Inspiration
Terrafactum was inspired by the growing amount of climate and environmental news on the internet and the difficulty people face in identifying reliable and well-supported information. Many articles mix scientific facts with opinions or incomplete data, which makes it hard for readers to understand what is accurate. The goal was to build a simple AI-powered tool that can summarize environmental news and automatically review major claims using natural language processing.
What it does
- Terrafactum is an AI-based environmental news summarizer and fact-checking web application.
- It allows users to paste a climate or environment related article and receive a concise summary along with an automated claim-level assessment.
- The system classifies each claim as well-supported, questionable, or potentially misleading and presents the results in an easy-to-read visual interface.
How we built it
- The frontend is built using React with Tailwind CSS for a responsive and modern user interface.

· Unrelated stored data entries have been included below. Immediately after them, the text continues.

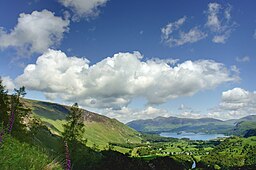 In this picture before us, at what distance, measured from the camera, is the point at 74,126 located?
47594mm

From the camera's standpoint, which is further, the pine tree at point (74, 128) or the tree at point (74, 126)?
the tree at point (74, 126)

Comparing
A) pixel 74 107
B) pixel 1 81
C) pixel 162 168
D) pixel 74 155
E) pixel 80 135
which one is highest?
pixel 1 81

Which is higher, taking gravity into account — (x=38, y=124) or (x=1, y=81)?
(x=1, y=81)

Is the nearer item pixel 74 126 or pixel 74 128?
pixel 74 128

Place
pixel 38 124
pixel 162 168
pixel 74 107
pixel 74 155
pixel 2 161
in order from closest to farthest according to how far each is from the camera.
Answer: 1. pixel 2 161
2. pixel 74 155
3. pixel 74 107
4. pixel 38 124
5. pixel 162 168

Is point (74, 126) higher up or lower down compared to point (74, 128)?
higher up

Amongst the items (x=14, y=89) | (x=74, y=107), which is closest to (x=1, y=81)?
(x=14, y=89)

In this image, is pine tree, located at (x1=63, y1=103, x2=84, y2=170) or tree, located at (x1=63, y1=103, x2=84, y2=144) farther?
tree, located at (x1=63, y1=103, x2=84, y2=144)

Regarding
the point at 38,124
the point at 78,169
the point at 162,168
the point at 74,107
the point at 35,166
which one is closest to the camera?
the point at 35,166

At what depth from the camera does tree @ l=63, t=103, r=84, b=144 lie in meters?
46.7

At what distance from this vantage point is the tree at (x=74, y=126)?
4674 cm

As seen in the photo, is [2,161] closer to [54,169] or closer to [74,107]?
[54,169]

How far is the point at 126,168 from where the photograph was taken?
9219cm

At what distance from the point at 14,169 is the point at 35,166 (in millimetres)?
799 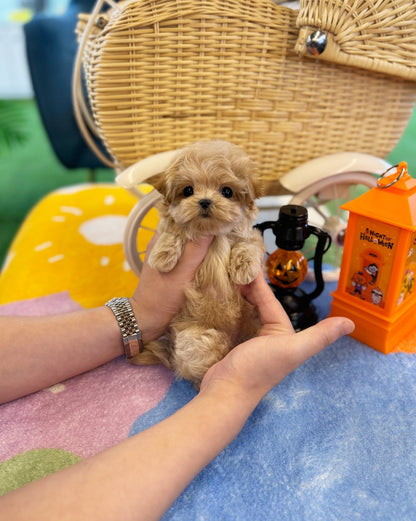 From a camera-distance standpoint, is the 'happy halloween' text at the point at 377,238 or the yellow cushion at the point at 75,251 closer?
the 'happy halloween' text at the point at 377,238

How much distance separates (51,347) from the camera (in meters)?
0.95

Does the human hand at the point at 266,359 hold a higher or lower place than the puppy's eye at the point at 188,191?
lower

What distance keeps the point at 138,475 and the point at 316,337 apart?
39cm

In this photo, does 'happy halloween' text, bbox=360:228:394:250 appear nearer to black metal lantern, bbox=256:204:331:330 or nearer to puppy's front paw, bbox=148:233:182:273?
black metal lantern, bbox=256:204:331:330

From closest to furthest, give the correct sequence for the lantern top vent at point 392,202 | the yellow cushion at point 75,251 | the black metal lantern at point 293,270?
the lantern top vent at point 392,202 < the black metal lantern at point 293,270 < the yellow cushion at point 75,251

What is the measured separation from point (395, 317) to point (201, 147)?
63 centimetres

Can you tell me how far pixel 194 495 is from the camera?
0.74 m

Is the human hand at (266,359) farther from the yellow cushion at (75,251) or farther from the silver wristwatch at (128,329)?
the yellow cushion at (75,251)

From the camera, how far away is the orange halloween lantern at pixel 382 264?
99 cm

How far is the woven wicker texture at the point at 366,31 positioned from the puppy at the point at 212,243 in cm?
42

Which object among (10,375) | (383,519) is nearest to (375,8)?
(383,519)

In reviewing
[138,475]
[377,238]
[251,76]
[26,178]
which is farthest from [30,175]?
[138,475]

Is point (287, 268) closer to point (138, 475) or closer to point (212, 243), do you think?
point (212, 243)

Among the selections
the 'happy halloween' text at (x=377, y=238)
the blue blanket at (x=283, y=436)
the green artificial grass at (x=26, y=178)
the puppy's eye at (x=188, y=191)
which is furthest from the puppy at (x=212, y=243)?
the green artificial grass at (x=26, y=178)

- The application uses the Groq AI chat completion API with a large language model to perform text summarization, information extraction, and claim assessment.
- The logic for parsing the model response is implemented on the client side, and browser local storage is used to securely store the user’s API key.
- The application communicates with the AI service using standard HTTP requests and JSON payloads.
Challenges we ran into
- One of the main challenges was handling inconsistent model responses and making the output follow a strict format for summary and fact-checking sections.
- Parsing unstructured text into structured claim cards required careful use of regular expressions and error handling.
- Another challenge was dealing with API errors and model deprecations, which required selecting a supported free model and adding robust modal-based error reporting in the user interface.
Accomplishments that we're proud of
- We successfully created a complete client-side AI application that performs real-time article analysis, structured fact-checking, and visual classification of claim reliability.
- The application provides clear color-coded feedback for each claim and generates an overall conclusion panel that helps users quickly understand the credibility of an article.
What we learned
- We learned how to integrate large language models through REST APIs, manage asynchronous requests in React, and design a resilient frontend that can handle failures from external AI services.
- We also gained experience in prompt engineering, structured output extraction, and building user-friendly interfaces for complex AI-generated results.
What's next for Terrafactum
- The next step for Terrafactum is to add automatic source suggestions for each claim, integrate trusted scientific and journalism databases for cross-verification, and introduce user accounts for saving analyzed articles.
- We also plan to improve claim extraction accuracy and extend support to multiple languages for global environmental news coverage.